Figure 6 Immune microenvironment, immune-related pathways, tumor microenvironment (TME) and checkpoint genes in the low- and high-PPRPS groups. (A) Heatmap of the immune microenvironment revealing the immune cells and stromal score between the two PPRPS groups. (B) Scores of 13 immune-related pathways between the two PPRPS groups. (C) Twenty-nine functional gene expression signatures (Fges) describing the TME in the two PPRPS groups. (D) Expression of immune checkpoint genes in the high- and low-PPRPS groups. *p < 0.05, **p < 0.01, ***p < 0.001, ns, not significant.
Identification of DEGs of m6A patterns between low- and high-PPRPS bladder cancer patients
Recent studies have shown that aberrant m6A methylation and related regulatory proteins are closely associated with a variety of cancers (24), including bladder cancer (25). Therefore, the m6A-related DEGs were analyzed in the low- and high-PPRPS groups. Increased METTL3, YTHDC1, and YTHDF1 expression were noted in the low-PPRPS group than in the high-PPRPS group (Figure 7).

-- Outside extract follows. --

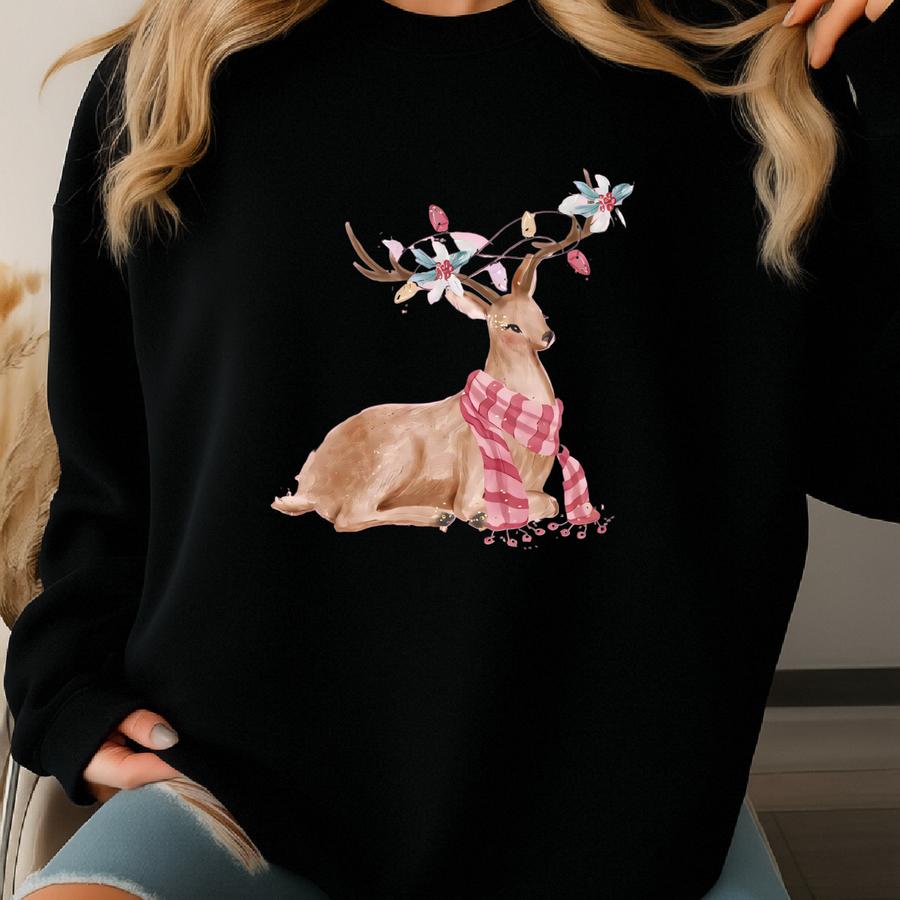 Joy To The World Sweatshirt, Christmas Sweatshirt, Vintage Watercolor Deer Shirt, Joy Shirt, Christmas Gift Sweatshirt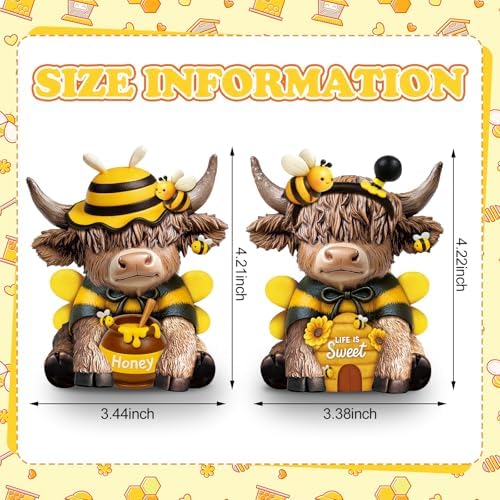 Karenhi 2 Pcs Highland Cow Figurines Resin, Bee Theme Honey Jar Decor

Figure 7 m6A-related DEG patterns between low- and high-PPRPS bladder cancer patients. The expression of 12 m6A-related genes was evaluated within the low- and high-PPRPS groups. *p < 0.05, **p < 0.01, ns, not significant.
Effect of PPRPS on anti-PD-L1 immunotherapy in pan-PCD bladder cancer subtypes
To explore the potential effect of PPRPS on immunotherapy for bladder cancer, we obtained data from the IMvigor210 cohort to evaluate the efficacy of atezolizumab, an anti-PD-L1 monoclonal antibody, in patients with metastatic urothelial cancer. The frequency of high-PPRPS patients in different groups of immune responses is presented in Figure 8A. The number of deaths was greater in the high-PPRPS group compared with the low-PPRPS group (p = 0.0025). The results indicated that the Pan-PCD-related prognostic signature exerts very few impacts on anti-PD-L1 immunotherapy. The low-PPRPS group showed a better therapeutic effect after treatment, but the high-PPRPS group showed a limited effect (Figure 8B).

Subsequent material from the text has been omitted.